Eco-Controversies: Eco-Labelling

On the surface, being environmentally friendly and eco-conscious seems fairly straightforward. Make the best choices we can to limit the harm done to our environment and everyone can enjoy a healthy planet. If only such things were so simple. Within the topic of being eco-friendly there are many layers of complexity that create controversies under continuous debate.  Such things as whether cloth or disposable diapers are better, hybrid cars really do benefit the environment or if eco-labeling actually does any good. The later topic is one that caught my eye for this week.

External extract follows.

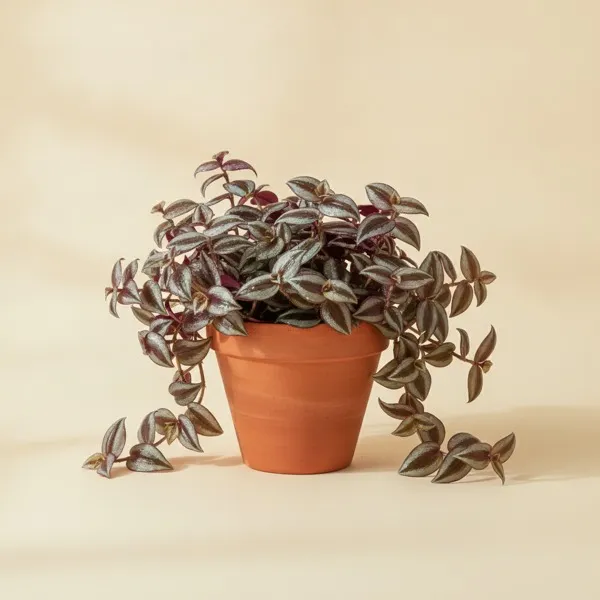 Zebrampel (Tradescantia zebrina)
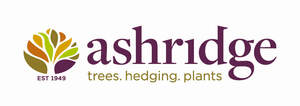 Image for mark UK00004294833 EST 1949 ashridge trees. hedging. plants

Eco-labeling quickly caught on as not just a marketing scheme, but as a way for consumers to make an informed choice about the products they were buying. “Since the late 1980s a number of national labelling systems have been set up in different countries, to satisfy consumer demands to purchase greener products. The products so labelled meet the criteria established within the relevant system as having been manufactured by processes and procedures with low or minimal environmental impact. “Germany was the fi rst country to develop an eco-label; the Blue Angel label was created in 1977 to enable the positive ecological features of products and services to be labelled on a voluntary basis” (Ann Smith, 2006). Other examples of eco-labels include: “‘Green Seal’ (US), ‘Nordic Swan’ (Sweden), ‘Eco-mark’ (Japan)” (Royal Society of Chemistry, 1998).

Quite simply the reasoning behind eco-labelling was with the simple question of how can one go “green” if they don’t know what products are green to begin with? As time has gone on, more and more eco-labels have surfaced around the globe. So many labels have appeared that companies and programs have been created to both categorize and assess the current and up-and-coming labels. Ecolabel Index, as one such company, “is the largest global directory of ecolabels, currently tracking 427 ecolabels in 216 countries and 25 industry sectors” (Ecolabel Index, 2011). Any person can check out their website at and research nearly every eco-label imaginable. Another one is Greener Choices which has a similar set-up and can be found at

The controversy over all this green labeling comes in with the concern that labels are being slapped on any product and/or service without much thought for whether or not they should actually be considered green. Talking with a friend the other day, he mentioned that once he and his wife had booked onto an eco boat tour while travelling. Once on tour, my friend asked the guide what made the tour eco-friendly. The tour guide promptly replied that he now runs the tour only twice a day rather than his former three times a day. Apparently in labeling the tour as an eco-friendly travel option there wasn’t any consideration for the fuel used on the boat tour. Nor the general impact of the activity on our ecosystem. Nothing was really analyzed save for the obvious change of limiting the amount of tours available to customers. And yet they were still considered “green.”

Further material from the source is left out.